In light of this information, it only makes sense that even a year or two of difference in the starting age of cannabis use can make all the difference to adolescents’ development. (2) The amount and frequency are also major factors.

“The odds of developing any drug abuse symptoms by age 28 were non-significant if cannabis use had its onset at ages 15 to 17, but were significant and almost doubled each year if onset was before age 15,” the study says. Furthermore, frequent use (20 or more times a year) even at age 17 almost doubles the chance of abuse by age 28.

In short, cannabis use, especially when regular, can be a particularly slippery slope between the ages of 13 and 15, and even afterwards depending on the frequency.

Other studies have reached essentially the same conclusion. (3)

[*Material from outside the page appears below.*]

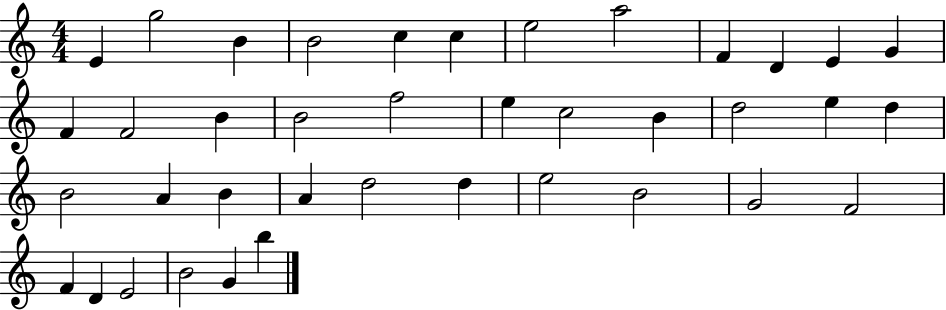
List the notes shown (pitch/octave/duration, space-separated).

E4/q G5/h B4/q B4/h C5/q C5/q E5/h A5/h F4/q D4/q E4/q G4/q F4/q F4/h B4/q B4/h F5/h E5/q C5/h B4/q D5/h E5/q D5/q B4/h A4/q B4/q A4/q D5/h D5/q E5/h B4/h G4/h F4/h F4/q D4/q E4/h B4/h G4/q B5/q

It’s important to note that the link between cannabis use in adolescence and drug and other problems later on isn’t a classic, straightforward cause and effect. There can be other, more elusive factors entangled in the whole connection, like individual biological mechanisms and social environment. It’s possible that people who are already have an affinity for risk behavior, drugs, and other dubious activities might be simply more inclined to try cannabis earlier, just like cigarettes and alcohol, and whatever else they can possibly find.

References:

  1. Jacobus and Tapert**, Effects of Cannabis on the Adolescent Brain**, Curr Pharm Des. 2014; 20(13): 2186–2193.
  2. Charlie Rioux et al., Age of Cannabis Use Onset and Adult Drug Abuse Symptoms: A Prospective Study of Common Risk Factors and Indirect Effects, The Canadian Journal of Psychiatry, 2018: 070674371876028.

3. Taylor et al, Patterns of cannabis use during adolescence and their association with harmful substance use behaviour: findings from a UK birth cohort,J Epidemiol Community Health, 2017, 71(8): 764-770.